» **INSTRUCTIONS FOR THE TASK**
Only the pictures are dropped. Restate each line below word for word.

» **PROVIDED MATERIAL**

□ □ □

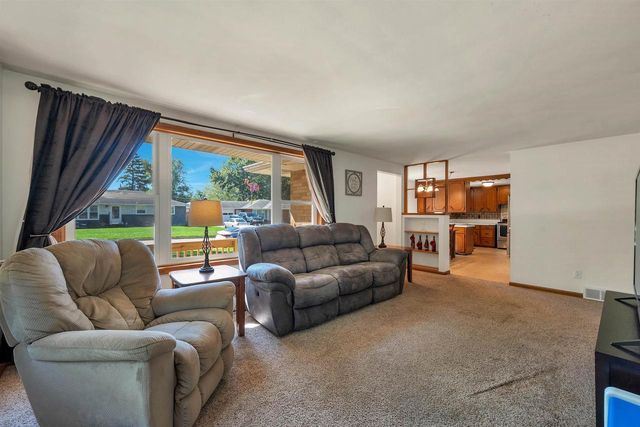 2310 N IDLEWILD COURT, Green Bay, WI 54303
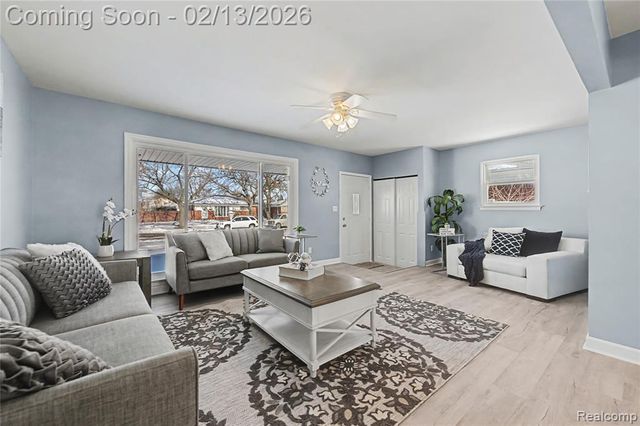 30363 Indigo Street, Roseville, MI 48066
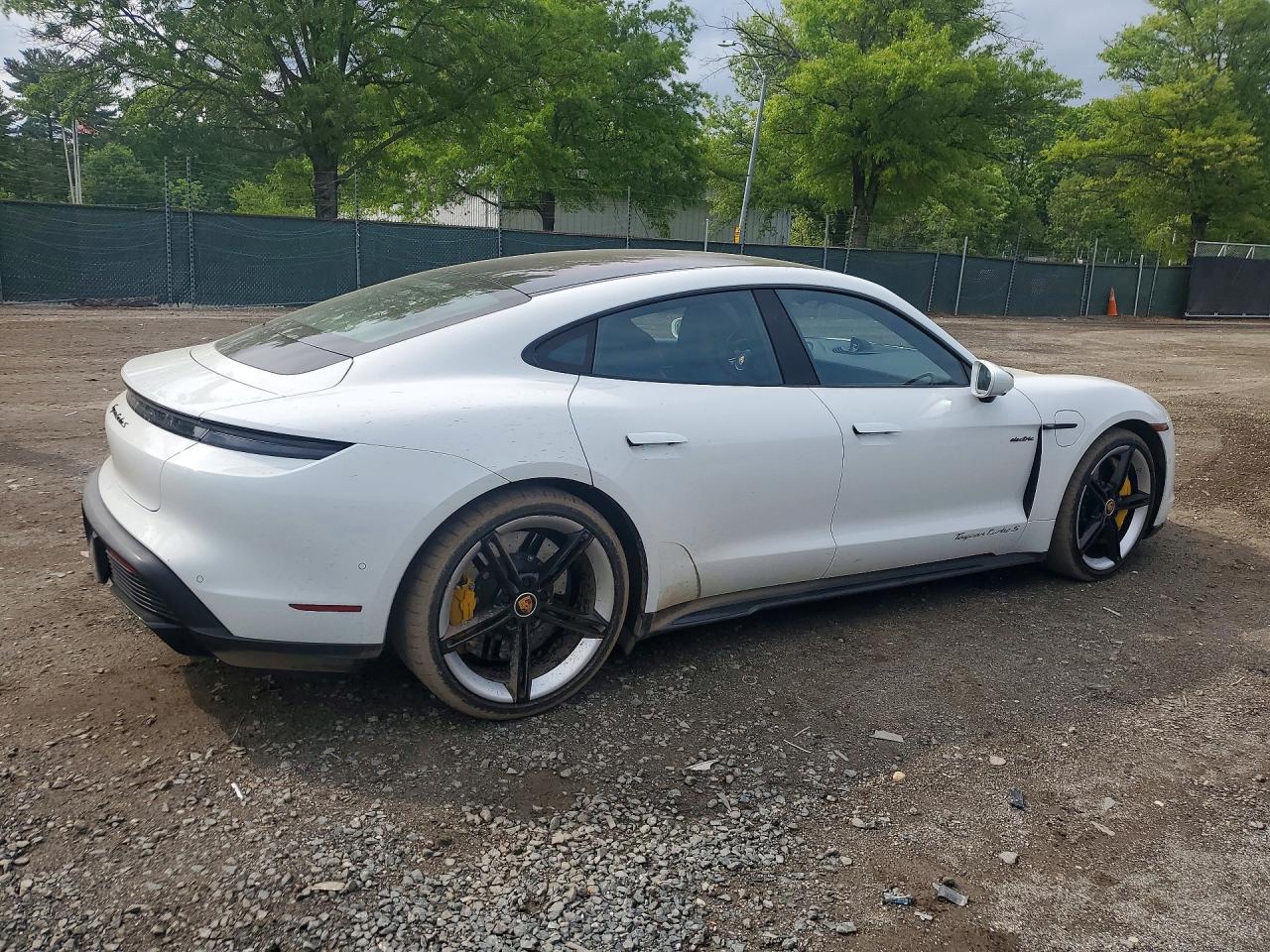 2020 PORSCHE TAYCAN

□ □ □

» **COMPLETED EXERCISE**
 2310 N IDLEWILD COURT, Green Bay, WI 54303
 30363 Indigo Street, Roseville, MI 48066
 2020 PORSCHE TAYCAN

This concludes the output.